Are there hard corner cases?

We’re currently not debating alternatives or “friendly” amendments to network neutrality rules, but it is worth pointing out that there have been ISP practices that are, strictly speaking, non-neutral, but where proponents of network neutrality have been hesitant to squawk too loudly: tethering and commercial use of home internet service. With increasing bandwidth, “unlimited” 4G LTE services could substitute at least for home DSL service, but tethering speed and volume restrictions prevent this. Similarly, fiber connections could easily support a commercial web site, school or a small business, but such use is prohibited even by, say, Google Fiber. This isn’t completely intellectually consistent, but given the content neutrality of these policies, probably a reasonable trade-off. It is unlikely, for example, that the current unlimited plans, generally seen as consumer-friendly, could be offered without tethering restrictions.

Similarly, some port blocking is seen as acceptable if disclosed, with blocking of port 25 (SMTP for email) helpful for spam prevention, but also interfering with running a home email server.

What did the 2015 Open Internet order do?

The 2015 Open Internet order banned blocking of content, services and device attachments, throttling, and paid prioritization:

A person engaged in the provision of broadband Internet access service, insofar as such person is so engaged, shall not block lawful content, applications, services, or nonharmful devices, subject to reasonable network management.

…, shall not impair or degrade lawful Internet traffic on the basis of Internet content, application, or service, or use of a non-harmful device, subject to reasonable network management.

…, shall not engage in paid prioritization.

“Paid prioritization” refers to the management of a broadband provider’s network to directly or indirectly favor some traffic over other traffic, including through use of techniques such as traffic shaping, prioritization, resource reservation, or other forms of preferential traffic management, either (a) in exchange for consideration (monetary or otherwise) from a third party, or (b) to benefit an affiliated entity.

…, shall not unreasonably interfere with or unreasonably disadvantage (i) end users’ ability to select, access, and use broadband Internet access service or the lawful Internet content, applications, services, or devices of their choice, or (ii) edge providers’ ability to make lawful content, applications, services, or devices available to end users. Reasonable network management shall not be considered a violation of this rule.

Was this just about network neutrality?

No, at least not in the narrow sense. The 2015 order provided a framework for resolving future industry disputes and consumer complaints related to internet access services.

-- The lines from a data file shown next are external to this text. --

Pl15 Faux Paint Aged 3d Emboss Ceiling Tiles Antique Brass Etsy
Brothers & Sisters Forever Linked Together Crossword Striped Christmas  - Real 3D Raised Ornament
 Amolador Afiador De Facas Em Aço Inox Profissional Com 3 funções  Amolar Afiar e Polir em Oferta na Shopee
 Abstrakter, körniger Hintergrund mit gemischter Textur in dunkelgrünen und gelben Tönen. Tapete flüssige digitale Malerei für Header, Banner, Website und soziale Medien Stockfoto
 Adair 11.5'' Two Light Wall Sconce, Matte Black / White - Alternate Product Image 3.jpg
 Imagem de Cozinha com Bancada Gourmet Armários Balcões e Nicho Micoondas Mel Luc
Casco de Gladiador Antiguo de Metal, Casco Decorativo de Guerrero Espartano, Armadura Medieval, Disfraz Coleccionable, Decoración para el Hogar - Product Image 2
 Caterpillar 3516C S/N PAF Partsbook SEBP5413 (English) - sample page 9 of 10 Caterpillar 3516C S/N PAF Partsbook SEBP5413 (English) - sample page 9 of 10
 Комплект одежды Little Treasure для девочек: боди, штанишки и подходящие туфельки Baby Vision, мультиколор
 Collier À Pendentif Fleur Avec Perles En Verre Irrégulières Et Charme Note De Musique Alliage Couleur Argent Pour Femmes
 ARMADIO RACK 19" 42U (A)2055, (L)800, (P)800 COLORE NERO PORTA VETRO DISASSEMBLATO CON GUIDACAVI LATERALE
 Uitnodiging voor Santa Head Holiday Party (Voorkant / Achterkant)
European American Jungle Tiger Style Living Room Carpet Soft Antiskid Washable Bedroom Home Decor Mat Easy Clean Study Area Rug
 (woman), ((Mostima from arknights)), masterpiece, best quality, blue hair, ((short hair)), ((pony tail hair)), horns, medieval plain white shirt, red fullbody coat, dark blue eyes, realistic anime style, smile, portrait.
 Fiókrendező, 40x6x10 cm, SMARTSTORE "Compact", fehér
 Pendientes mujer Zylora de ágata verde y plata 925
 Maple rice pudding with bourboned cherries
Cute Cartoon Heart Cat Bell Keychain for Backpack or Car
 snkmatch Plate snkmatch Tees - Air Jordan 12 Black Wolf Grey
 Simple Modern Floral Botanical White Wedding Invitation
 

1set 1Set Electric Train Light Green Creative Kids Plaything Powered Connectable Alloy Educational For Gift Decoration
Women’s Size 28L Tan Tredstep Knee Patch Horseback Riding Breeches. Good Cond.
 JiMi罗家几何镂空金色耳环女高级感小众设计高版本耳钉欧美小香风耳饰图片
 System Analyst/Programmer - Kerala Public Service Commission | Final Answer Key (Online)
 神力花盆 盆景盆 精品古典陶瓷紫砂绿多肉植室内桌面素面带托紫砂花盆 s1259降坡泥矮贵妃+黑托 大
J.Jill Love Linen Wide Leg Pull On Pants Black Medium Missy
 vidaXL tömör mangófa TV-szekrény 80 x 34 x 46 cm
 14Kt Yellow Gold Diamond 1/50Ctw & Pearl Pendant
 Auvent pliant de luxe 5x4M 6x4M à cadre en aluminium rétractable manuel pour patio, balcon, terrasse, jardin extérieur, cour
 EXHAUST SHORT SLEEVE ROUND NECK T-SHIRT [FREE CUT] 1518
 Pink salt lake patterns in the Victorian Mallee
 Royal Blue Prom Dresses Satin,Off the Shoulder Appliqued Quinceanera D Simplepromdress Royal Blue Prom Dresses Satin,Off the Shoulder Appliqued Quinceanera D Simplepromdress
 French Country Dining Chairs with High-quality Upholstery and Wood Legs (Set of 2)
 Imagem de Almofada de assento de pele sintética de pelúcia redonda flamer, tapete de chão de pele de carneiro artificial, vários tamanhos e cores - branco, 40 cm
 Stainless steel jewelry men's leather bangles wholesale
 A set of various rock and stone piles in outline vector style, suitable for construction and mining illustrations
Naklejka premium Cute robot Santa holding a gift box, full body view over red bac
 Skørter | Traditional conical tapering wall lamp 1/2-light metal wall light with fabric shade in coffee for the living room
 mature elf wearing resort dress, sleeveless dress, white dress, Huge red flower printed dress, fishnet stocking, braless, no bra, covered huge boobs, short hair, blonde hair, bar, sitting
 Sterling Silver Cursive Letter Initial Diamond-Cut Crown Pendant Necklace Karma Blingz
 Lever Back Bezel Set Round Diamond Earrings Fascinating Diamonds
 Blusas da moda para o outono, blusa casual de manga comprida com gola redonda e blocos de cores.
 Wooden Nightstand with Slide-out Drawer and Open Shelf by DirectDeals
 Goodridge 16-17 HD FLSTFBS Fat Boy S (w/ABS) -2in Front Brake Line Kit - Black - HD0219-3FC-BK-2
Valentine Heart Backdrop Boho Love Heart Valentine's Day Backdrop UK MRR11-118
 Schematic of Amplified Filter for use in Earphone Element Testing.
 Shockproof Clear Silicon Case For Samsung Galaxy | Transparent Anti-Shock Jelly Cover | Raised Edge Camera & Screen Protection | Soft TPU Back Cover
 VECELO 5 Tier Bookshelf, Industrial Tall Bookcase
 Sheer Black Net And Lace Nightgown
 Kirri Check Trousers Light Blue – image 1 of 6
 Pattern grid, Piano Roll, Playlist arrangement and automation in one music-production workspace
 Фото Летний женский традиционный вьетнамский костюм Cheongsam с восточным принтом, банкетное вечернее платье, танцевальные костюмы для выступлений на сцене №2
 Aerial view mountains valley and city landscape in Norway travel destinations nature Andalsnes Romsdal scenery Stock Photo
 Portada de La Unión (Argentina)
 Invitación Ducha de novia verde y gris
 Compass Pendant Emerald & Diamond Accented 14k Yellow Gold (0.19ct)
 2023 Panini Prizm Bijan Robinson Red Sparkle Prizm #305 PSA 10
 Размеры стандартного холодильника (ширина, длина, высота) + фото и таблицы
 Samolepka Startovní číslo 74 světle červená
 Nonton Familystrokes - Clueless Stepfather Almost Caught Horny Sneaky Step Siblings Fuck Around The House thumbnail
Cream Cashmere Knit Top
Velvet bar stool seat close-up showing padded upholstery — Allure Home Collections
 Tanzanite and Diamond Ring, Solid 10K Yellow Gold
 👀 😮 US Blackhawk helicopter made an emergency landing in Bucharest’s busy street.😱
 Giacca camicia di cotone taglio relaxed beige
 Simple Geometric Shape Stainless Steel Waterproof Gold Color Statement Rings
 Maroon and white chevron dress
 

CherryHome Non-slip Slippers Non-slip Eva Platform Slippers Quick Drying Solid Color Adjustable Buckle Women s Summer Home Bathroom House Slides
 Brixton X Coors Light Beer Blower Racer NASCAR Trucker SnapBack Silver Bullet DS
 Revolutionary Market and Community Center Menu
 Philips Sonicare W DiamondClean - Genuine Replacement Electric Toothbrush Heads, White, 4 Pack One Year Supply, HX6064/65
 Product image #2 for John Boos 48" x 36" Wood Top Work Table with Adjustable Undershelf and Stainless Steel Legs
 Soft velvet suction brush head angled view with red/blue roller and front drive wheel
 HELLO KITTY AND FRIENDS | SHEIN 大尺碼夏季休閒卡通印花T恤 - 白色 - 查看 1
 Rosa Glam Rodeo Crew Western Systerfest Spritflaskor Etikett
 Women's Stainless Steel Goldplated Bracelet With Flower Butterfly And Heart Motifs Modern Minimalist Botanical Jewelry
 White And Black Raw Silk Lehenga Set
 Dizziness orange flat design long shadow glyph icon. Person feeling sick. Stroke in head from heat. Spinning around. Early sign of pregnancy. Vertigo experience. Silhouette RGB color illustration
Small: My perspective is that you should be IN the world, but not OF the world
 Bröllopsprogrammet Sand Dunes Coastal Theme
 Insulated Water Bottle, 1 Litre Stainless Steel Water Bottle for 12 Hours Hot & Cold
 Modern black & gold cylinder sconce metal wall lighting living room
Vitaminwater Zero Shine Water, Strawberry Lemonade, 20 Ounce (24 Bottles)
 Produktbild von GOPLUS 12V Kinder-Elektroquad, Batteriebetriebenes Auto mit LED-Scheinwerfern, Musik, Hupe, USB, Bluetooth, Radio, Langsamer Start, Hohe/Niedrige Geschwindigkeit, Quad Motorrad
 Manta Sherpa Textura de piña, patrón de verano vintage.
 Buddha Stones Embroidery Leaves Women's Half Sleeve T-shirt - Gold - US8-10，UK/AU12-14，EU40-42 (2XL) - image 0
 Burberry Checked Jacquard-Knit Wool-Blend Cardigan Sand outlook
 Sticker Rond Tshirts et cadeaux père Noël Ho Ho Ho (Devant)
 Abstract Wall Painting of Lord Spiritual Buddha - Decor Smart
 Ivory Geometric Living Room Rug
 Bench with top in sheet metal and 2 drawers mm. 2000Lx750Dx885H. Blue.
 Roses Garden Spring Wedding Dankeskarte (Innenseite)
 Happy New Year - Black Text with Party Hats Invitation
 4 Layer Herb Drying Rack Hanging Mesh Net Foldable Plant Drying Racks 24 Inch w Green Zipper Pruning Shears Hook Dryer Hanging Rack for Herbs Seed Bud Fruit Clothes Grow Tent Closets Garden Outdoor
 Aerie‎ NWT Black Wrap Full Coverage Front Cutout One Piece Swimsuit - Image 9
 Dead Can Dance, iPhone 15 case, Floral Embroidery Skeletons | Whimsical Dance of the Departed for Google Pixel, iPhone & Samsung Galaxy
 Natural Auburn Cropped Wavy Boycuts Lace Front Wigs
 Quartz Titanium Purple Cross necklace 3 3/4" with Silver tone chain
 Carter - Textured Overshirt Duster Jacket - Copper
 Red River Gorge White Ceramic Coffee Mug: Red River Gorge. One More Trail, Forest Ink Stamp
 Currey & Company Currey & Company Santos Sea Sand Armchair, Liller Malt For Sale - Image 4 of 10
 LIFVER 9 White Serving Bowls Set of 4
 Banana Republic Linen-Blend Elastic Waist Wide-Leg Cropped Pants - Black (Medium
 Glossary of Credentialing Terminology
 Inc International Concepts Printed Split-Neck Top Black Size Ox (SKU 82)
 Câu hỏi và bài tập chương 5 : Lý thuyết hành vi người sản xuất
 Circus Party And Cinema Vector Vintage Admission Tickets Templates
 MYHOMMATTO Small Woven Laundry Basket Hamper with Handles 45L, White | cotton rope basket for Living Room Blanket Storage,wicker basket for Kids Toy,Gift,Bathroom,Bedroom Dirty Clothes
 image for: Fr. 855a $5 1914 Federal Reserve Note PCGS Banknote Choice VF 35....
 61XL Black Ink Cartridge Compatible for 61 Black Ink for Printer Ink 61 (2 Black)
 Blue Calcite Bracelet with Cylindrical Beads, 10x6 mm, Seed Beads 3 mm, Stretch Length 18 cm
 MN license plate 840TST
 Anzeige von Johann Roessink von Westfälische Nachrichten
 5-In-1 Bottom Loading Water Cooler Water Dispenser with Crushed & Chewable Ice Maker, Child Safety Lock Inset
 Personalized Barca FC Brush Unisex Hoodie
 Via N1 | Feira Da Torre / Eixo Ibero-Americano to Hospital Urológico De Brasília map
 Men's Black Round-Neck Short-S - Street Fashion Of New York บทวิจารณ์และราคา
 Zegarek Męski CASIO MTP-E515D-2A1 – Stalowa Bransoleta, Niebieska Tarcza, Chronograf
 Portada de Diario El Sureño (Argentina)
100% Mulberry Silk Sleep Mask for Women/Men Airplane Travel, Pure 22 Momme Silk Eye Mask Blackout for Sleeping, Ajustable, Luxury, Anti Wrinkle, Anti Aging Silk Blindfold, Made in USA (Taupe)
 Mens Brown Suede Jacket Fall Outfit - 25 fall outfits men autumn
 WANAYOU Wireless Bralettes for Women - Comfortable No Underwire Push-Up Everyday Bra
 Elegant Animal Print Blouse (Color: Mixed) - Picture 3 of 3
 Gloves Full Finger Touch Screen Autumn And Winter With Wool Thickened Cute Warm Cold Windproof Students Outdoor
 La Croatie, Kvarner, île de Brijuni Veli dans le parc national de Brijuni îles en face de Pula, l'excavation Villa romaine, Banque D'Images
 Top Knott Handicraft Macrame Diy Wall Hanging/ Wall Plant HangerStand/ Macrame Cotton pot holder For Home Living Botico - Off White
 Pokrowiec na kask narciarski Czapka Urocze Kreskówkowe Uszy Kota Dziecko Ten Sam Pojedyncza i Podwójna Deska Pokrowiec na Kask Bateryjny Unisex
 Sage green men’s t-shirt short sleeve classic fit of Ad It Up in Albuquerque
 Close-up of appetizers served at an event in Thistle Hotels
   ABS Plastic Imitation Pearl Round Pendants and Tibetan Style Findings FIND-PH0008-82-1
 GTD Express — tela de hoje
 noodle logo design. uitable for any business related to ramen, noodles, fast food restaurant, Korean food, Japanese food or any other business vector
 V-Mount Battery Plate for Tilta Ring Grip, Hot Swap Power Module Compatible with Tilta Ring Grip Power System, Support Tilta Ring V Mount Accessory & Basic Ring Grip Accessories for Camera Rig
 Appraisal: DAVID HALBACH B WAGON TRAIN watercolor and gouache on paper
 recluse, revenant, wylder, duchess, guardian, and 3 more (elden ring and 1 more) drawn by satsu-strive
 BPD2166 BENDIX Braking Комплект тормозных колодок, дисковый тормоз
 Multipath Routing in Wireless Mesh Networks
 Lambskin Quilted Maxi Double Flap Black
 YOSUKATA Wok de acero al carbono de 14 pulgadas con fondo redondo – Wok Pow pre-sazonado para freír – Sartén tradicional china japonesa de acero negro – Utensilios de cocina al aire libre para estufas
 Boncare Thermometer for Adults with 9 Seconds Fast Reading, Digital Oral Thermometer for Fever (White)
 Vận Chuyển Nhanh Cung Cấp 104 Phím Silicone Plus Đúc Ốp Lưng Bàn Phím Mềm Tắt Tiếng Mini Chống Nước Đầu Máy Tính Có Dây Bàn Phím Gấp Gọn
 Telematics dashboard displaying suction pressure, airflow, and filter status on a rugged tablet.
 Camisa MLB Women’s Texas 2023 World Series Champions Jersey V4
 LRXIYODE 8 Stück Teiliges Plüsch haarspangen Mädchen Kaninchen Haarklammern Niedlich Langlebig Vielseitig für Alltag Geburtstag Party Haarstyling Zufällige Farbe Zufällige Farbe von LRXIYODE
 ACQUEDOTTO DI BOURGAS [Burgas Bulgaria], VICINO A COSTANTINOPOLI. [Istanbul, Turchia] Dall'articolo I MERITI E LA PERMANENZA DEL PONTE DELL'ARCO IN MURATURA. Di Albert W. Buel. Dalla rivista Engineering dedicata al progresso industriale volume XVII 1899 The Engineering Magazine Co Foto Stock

Section 208 gave consumers a way of raising complaints with the internet service providers.

The FCC also used the 2015 rules to impose privacy obligations on carriers; these rules were, in early 2017, overturned by Congress. With the 2017 Order, even the generic obligations left in Section 222 will no longer apply. Thus, as long as providers disclose what data they sell to advertisers or data brokers, consumers have no recourse.

Was the first network neutrality attempt in 2015?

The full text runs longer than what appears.